___ Information provided

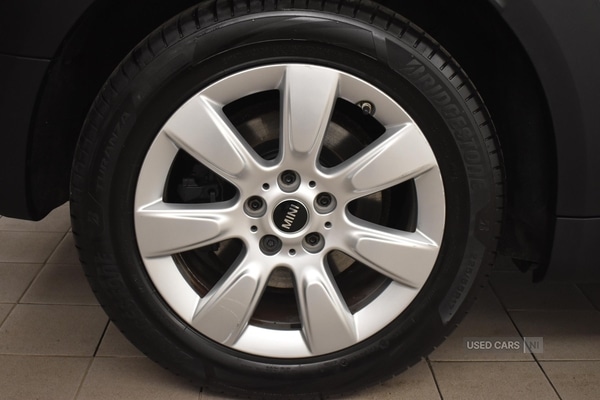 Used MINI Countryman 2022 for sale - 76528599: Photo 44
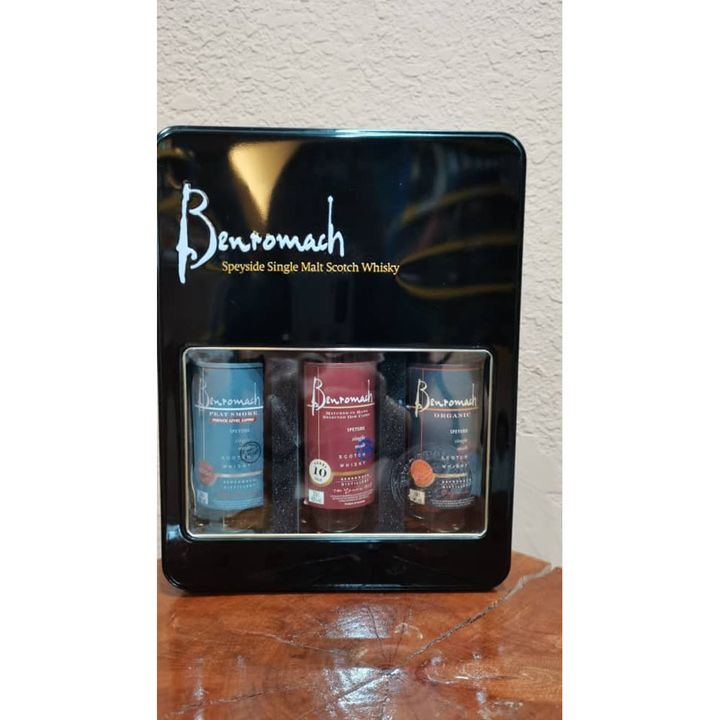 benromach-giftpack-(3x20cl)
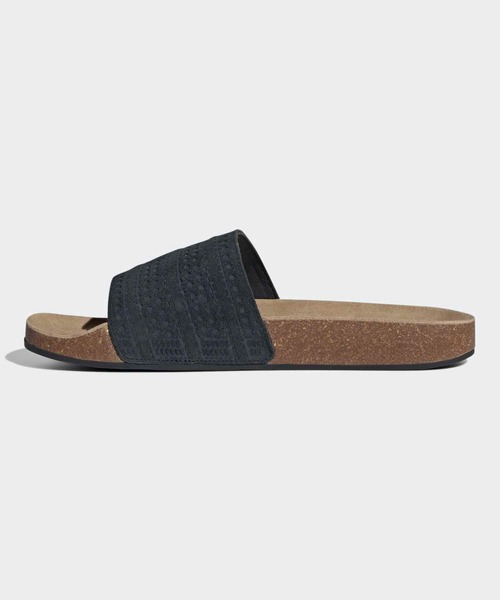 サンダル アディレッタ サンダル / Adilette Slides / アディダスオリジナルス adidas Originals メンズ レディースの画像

______
___ Information provided

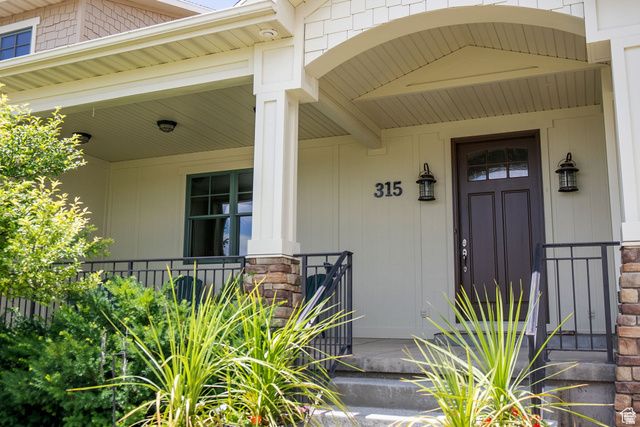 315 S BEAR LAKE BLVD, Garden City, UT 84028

______

_What is needed_: Reproduce the listing above from the line that holds "Used MINI Countryman" through the line that holds "サンダル アディレッタ サンダル", both included, with the pictures left out.

_Result for this exercise_:
 Used MINI Countryman 2022 for sale - 76528599: Photo 44
 benromach-giftpack-(3x20cl)
 サンダル アディレッタ サンダル / Adilette Slides / アディダスオリジナルス adidas Originals メンズ レディースの画像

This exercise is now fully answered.